Scientists place these colloidal particles on a magnetized chip to analyze their behavior much more efficiently than ever before.
A team of researchers from the University of Bayreuth has reported these latest findings in the Nature Communications journal. They found that colloidal rods can be placed on a chip precisely, rapidly, and in different directions. A pre-programmed magnetic field can also allow these regulated movements to take place at the same time.
For the newly published study, the researchers, headed by Dr Thomas Fischer, a Professor of Experimental Physics at the University of Bayreuth, worked closely with associates from the University of Poznań and the University of Kassel.
To begin with, individual spherical colloidal particles make up the building blocks for rods of varying lengths. These colloidal particles were arranged in such a way that the rods can easily travel in different directions on a magnetized chip similar to upright chess figures—as if by magic, but actually determined by the properties of the magnetic field.

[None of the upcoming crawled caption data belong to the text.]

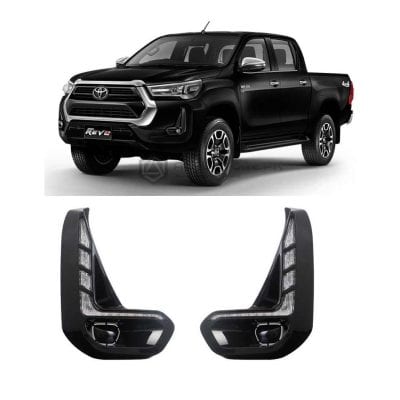 Toyota Hilux Revo LED DRLs Covers 2021-2023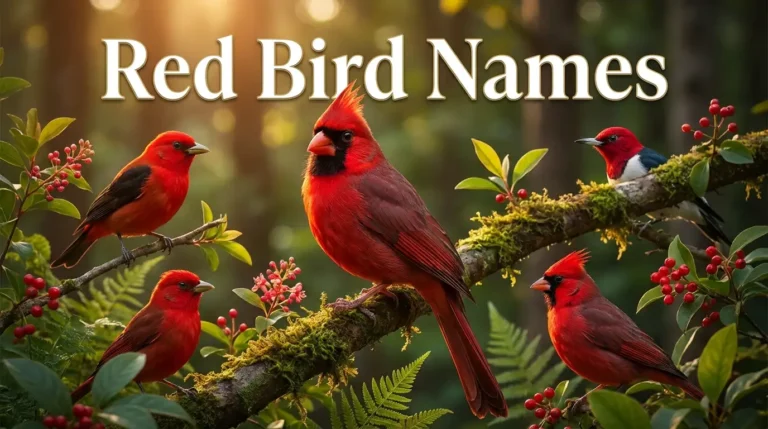 Red Bird Names
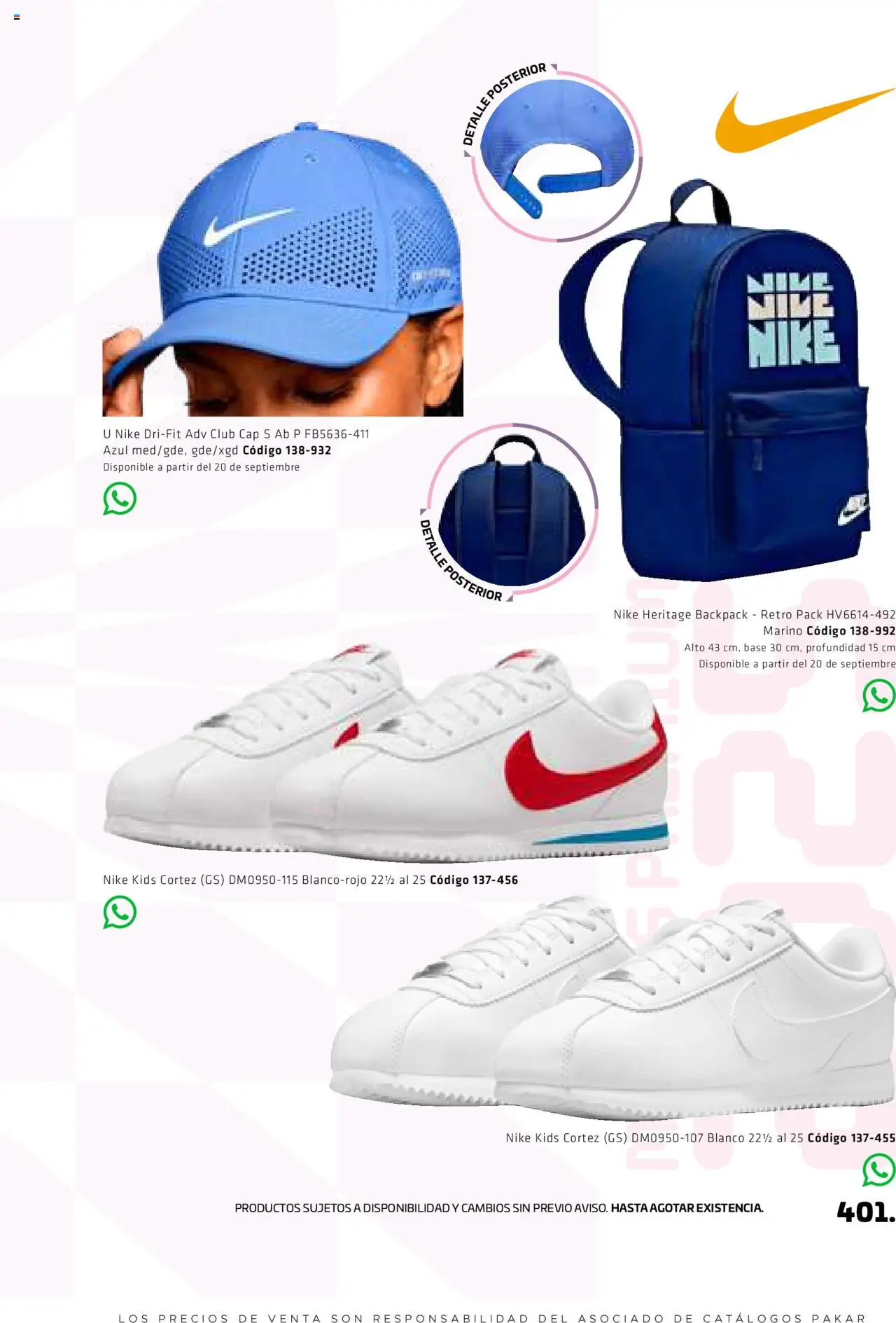 Nuevas ofertas de SC Pakar válidas en toda la República Mexicana desde el 29.08.2025. ¡Encuentra las mejores ofertas en SC Pakar - Catálogo Otoño Women! | Página: 401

In the next step, the team was able to elicit the individual movements of the rods in various directions at the same time. In this case, the critical factor was the “programming” of the magnetic field using a mathematical code. In encrypted form, this mathematical code outlines all the movements to be carried out by the figures.
When such movements are performed concurrently, they take up to one-tenth of the time required if they are performed one after the other, similar to the moves on a chessboard.

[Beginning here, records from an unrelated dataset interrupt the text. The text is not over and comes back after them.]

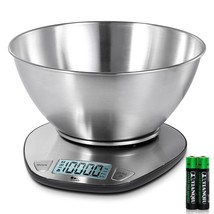 Himaly Food Scale - Digital Kitchen Scale With Bowl &amp; Lcd Dipslay Scale ... - £23.86 GBP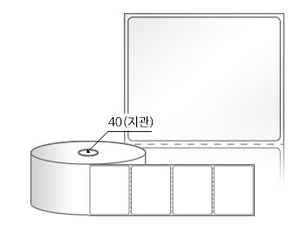 RS6552LG(아트지) 라벨크기: 65 x 52 (mm), 지관: 40mm [1,000라벨/Roll]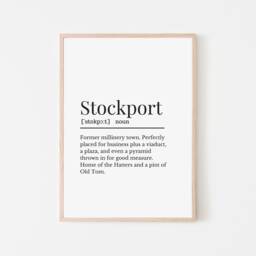 stockport Definition Print, Northern Towns Definitions, Wall Manchester Prints, Gallery - thumbnail 2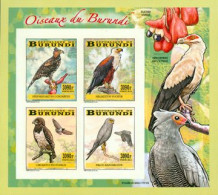 Burundi 2014 - Les Oiseaux Du Burundi - Rapaces - Bloc Collectif - Non Dentelé - Eagles & Birds Of Prey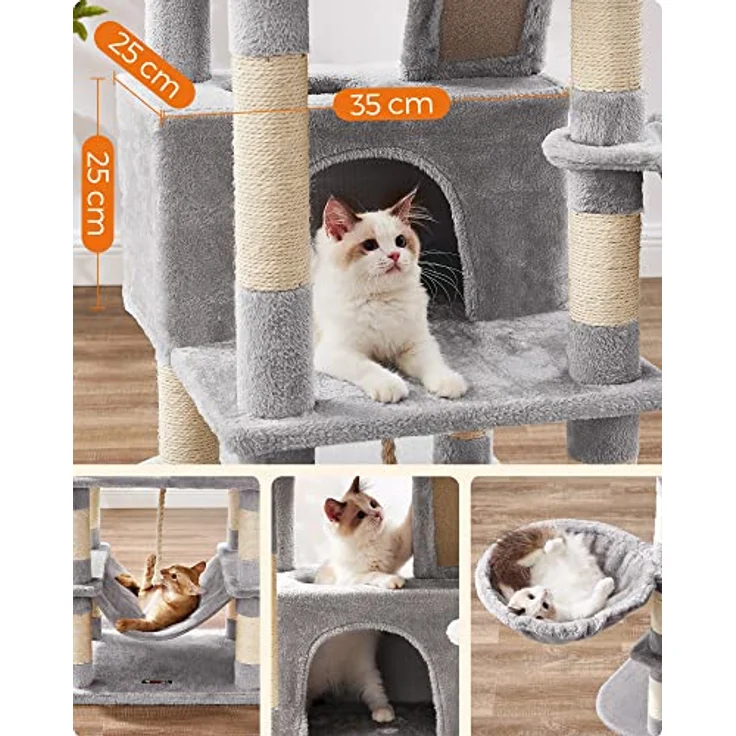 Feandrea Kitty (165 cm, Grey), Katzenbaum – Bild 7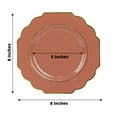 thumbnail image 4 of Balsa Circle 10 Terracotta 8" Disposable Baroque Plastic Dessert Plates Gold Rim, 4 of 8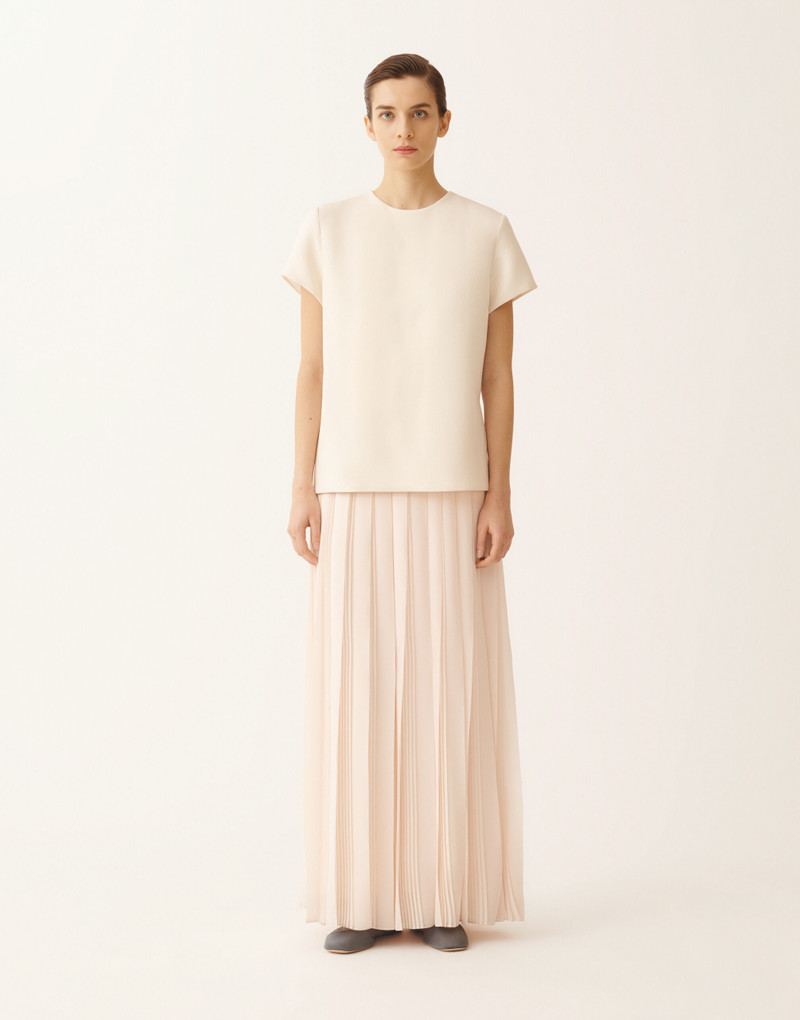 Long dress with georgette skirt 3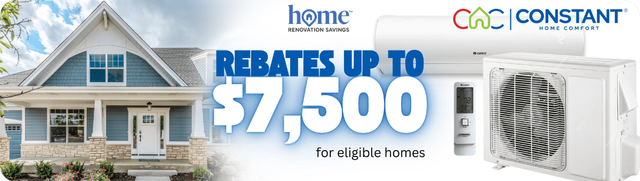 HVAC Rebates Up to $7,500 – Upgrade Your Home Comfort!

The simultaneity of differently directed movements makes research into colloidal particles and their dynamics much more efficient.
Adrian Ernst, Study Co-Author and Doctoral Student, University of Bayreuth
“Miniaturised laboratories on small chips measuring just a few centimetres in size are being used more and more in basic physics research to gain insights into the properties and dynamics of materials. Our new research results reinforce this trend,” stated Mahla Mirzaee-Kakhki, the study’s first author and doctoral student from the University of Bayreuth.

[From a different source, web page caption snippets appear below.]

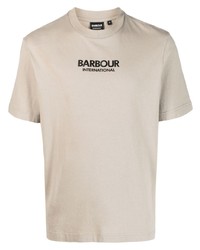 Мужская серая футболка с круглым вырезом от Barbour International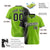 Custom Black Neon-Green Pinstripe Black Authentic Baseball Jersey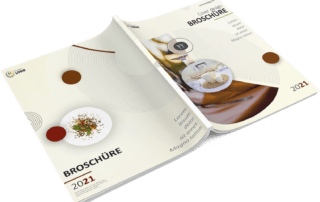 Speisekarten Design - Broschüre DIN A4, Hochformat
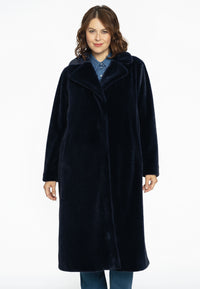 Coat faux fur - blue - #1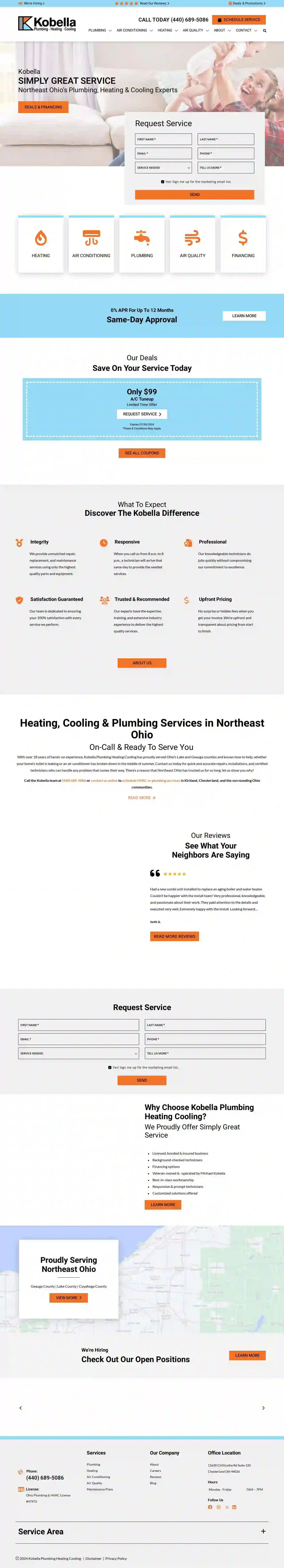 Kobella Plumbing Heating Cooling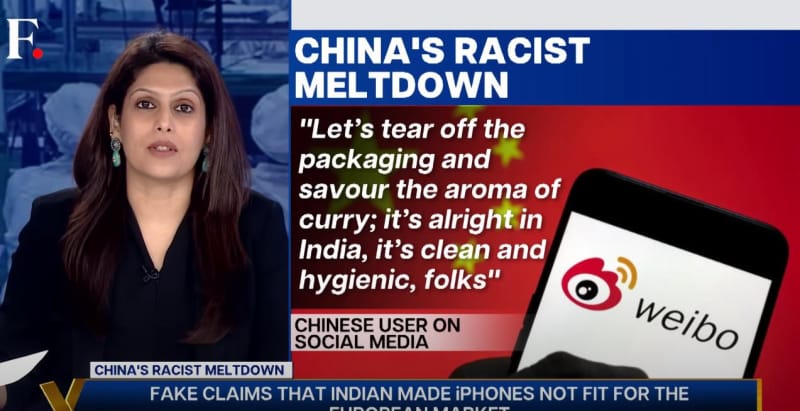 印度网友评论：印度制造的iPhone15引发中国“种族主义”崩溃，说印度制造可以用“咖喱味”来区分！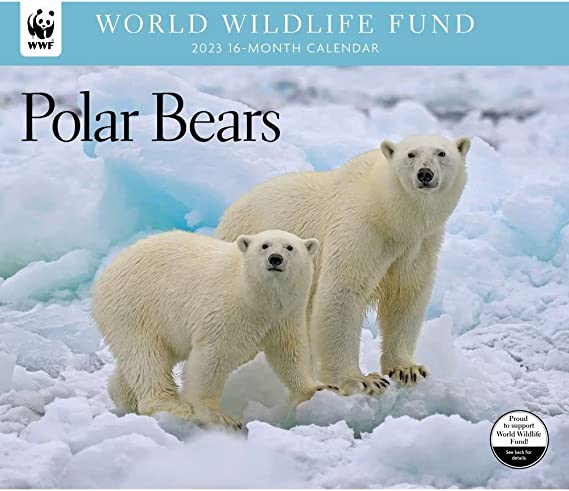 Calendar Ink, Polar Bears WWF 2023 Wall Calendar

Because colloidal particles are in many cases very well suited as vehicles for active substances, our research results could be of particular benefit to biomedicine and biotechnology.
Mahla Mirzaee-Kakhki, Study First Author and Doctoral Student, University of Bayreuth
Mirzaee-Kakhki, M., et al. (2020) Simultaneous polydirectional transport of colloidal bipeds. Nature Communications. doi.org/10.1038/s41467-020-18467-9.